Summary: The incidences and mortality of hepatocellular carcinoma (HCC) are rising rapidly in the United States, but effective mechanism-based therapy is lacking. Activating mutations in CTNNB1, encoding β-catenin, have been detected in 20%-40% of HCC cases. Thus, pharmaceutical inhibition of aberrant Wnt/β-catenin signaling has been considered in HCC therapy, although no efficacious targeting strategy has been developed so far. Here we aim to investigate a new biomarker in CTNNB1 mutated liver cancer and elucidate the underlying mechanism of their regulation in Wnt/β-catenin signaling that will be targeted. Successful completion of this project will characterize a new signaling mechanism in hepatocarcinogenesis and will identify a novel pharmaceutical target for HCC therapy.
Bioinformatic Scientist, The Salk Institute for Biological Studies
About the Awardee: Dr. Oh's academic knowledge and professional experiences were obtained from research in the field of bioinformatics and molecular biology targeting inflammation-associated metabolic disorders, fibrosis, non-alcoholic steatohepatitis (NASH), and cancers. He mainly focuses on developing a Machine Learning (ML)-based diagnostic model for inflammation-associated metabolic diseases. Ultimately, Dr. Oh's aim is to solve critical and basic concerns about the junction of Nuclear Receptor (NR)-dependent gene regulation and host cellular responses, using state-of-art wet and dry lab technologies.
Project Title: "Single-cell transcriptome and chromatin profiling of FXR agonism against non-alcoholic steatohepatitis and hepatocellular carcinoma"
Summary: In recent years, the number of people with liver-related conditions such as non-alcoholic fatty liver disease (NAFLD) has increased, and these conditions can lead to more serious liver problems. Our previous research has shown that a molecule called FXR may play a significant role in the development of liver diseases. The main goal of my current research is to use cutting-edge “single cell” technologies to understand how genetic and epigenetic changes of liver and immune cells caused by FXR contribute to the development of NAFLD and related conditions such as non-alcoholic steatohepatitis (NASH) and hepatocellular carcinoma (HCC).

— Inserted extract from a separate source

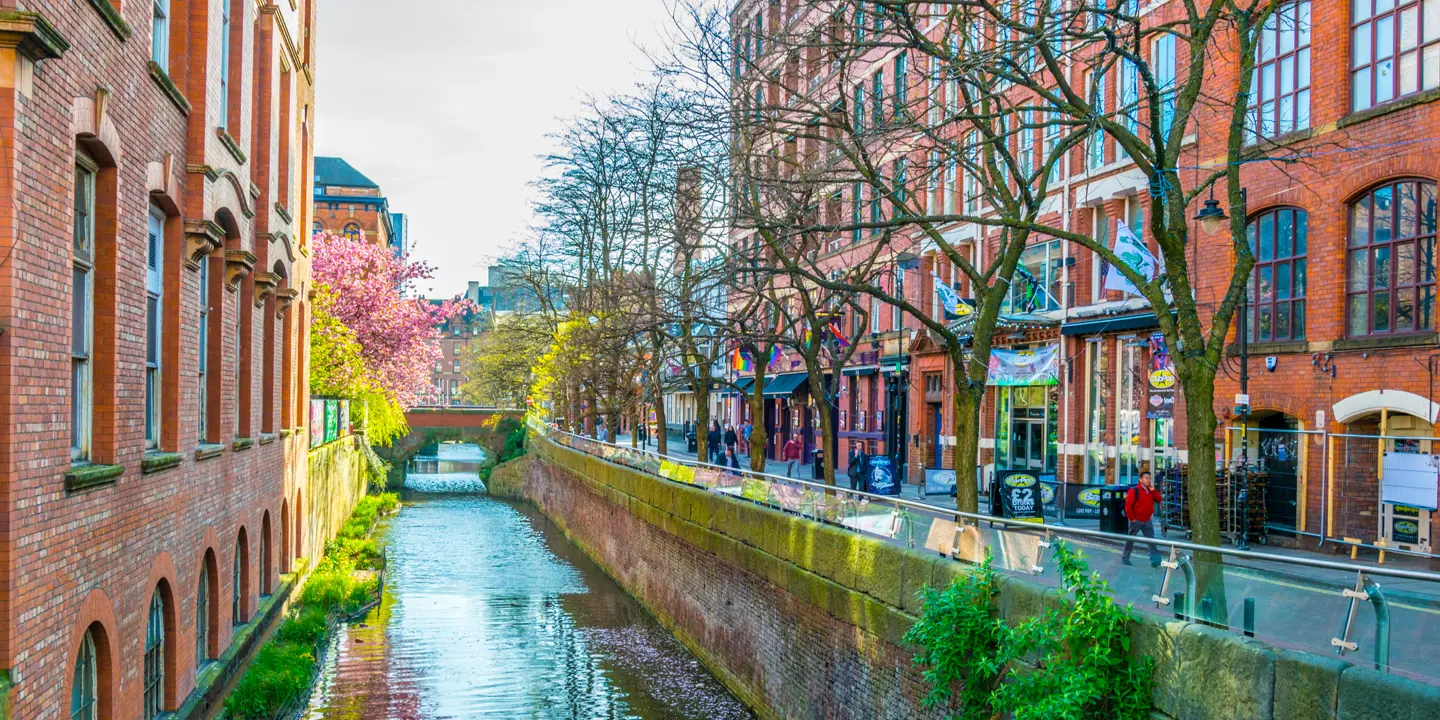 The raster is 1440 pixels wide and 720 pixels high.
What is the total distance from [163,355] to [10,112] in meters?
5.08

Assistant Professor, Pathology Department
About the Awardee: Dr. Wettersten received a Veterinary Medicine in Japan before coming to the United States where she received a PhD and postdoctoral training in cancer biology. She is currently an assistant professor at the University of California, San Diego where her research focuses on the talk between cancer cells and their local environment. In this project, she will use her skills as a veterinarian and cancer biologist, to study a protein related to cancer progression in a mouse model of pancreatitis as a possible therapeutic target for chronic pancreatitis.
Project Title: "Integrin αvβ3: A double-edged sword in pancreatitis"
Summary: Acute pancreatitis, a condition where the pancreas becomes acutely damaged, can progress to a chronic pancreatitis state which may not be reversible. Dr. Wettersten’s early research shows a protein, integrin αvβ3, which is involved in pancreatic cancer progression, may also be involved in the recovery from pancreatitis. This study will further explore what integrin αvβ3 does to help recover from acute pancreatitis. Findings from this study will lead to future research on new therapies for chronic pancreatitis.